Surprisingly, a major credit union service organization (CUSO) specializing in SBA loans is quoted in CU Management Magazine saying they don’t consider the PPP/EIDL an opportunity for the credit union movement, suggesting to “…refer members who want those loans to another lender, typically a larger bank or credit union that is already an approved SBA lender.”  Why would a financial institution refer an existing borrower to a competitor rather than strengthening their own stressed portfolio with the government-guaranteed PPP/EIDL loans?

Referring their own business customers to a competitive financial institution puts both their balance sheet and their client relationships at risk.

The SBA creates its own set of bottlenecks.  Unfortunately, the SBA’s own web site presumes an in-person applicant, directing SMBs searching for an approved lender to a list of physical branches by zip code, many of which by our test were closed until further notice. No website links to online lenders are provided.

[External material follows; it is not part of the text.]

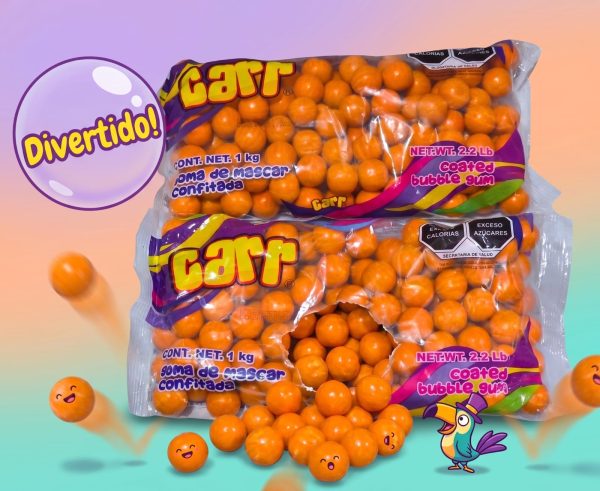 Rebolon Naranja Carr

A significant challenge is looming for smaller credit unions, not because of making bad loans but because they can’t scale digitally to support their own customers that need help now.  Time is of the essence because of the estimated 31 million SMBs qualifying for PPP/EIDLs, many hold less than 10 days’ revenue to cover the payrolls of more than 60 million employees.

Woe is the small business that doesn’t have an existing relationship with a digitally-equipped SBA-approved lender.  This is demonstrated by the misguided lawsuit brought against Bank of America for prioritizing their existing small business borrowers.  Bank of America is actually a shining example for other heritage banks to follow; making the application, origination and funding process totally online without the need to visit a branch and violate social distancing guidelines.  Rather than punishing those who were able to stand up the PPP program quickly, attention should be focused on enabling every other lender to do this, including fintechs. The underlying problem is not favoring one’s own customers, it is the fact that only about 1,700 banks and credit unions out of a pool of over 10,000 in the USA are certified to originate the SBA loans.  PayPal finally gained SBA approval last week to join them.  If Apple can provision an Apple Card in under 3 minutes with Goldman Sachs or Google can open a bank account instantly for any participating financial institution online, then for the greater good maybe fintech innovators should be conscripted now to facilitate online PPP/EIDL loan production, as GM is for ventilators, because this too will save lives & livelihoods.  And shouldn’t a financial institution lending to small businesses already meet the standards & requirements for SBA certification?  A role for the Defense Production Act?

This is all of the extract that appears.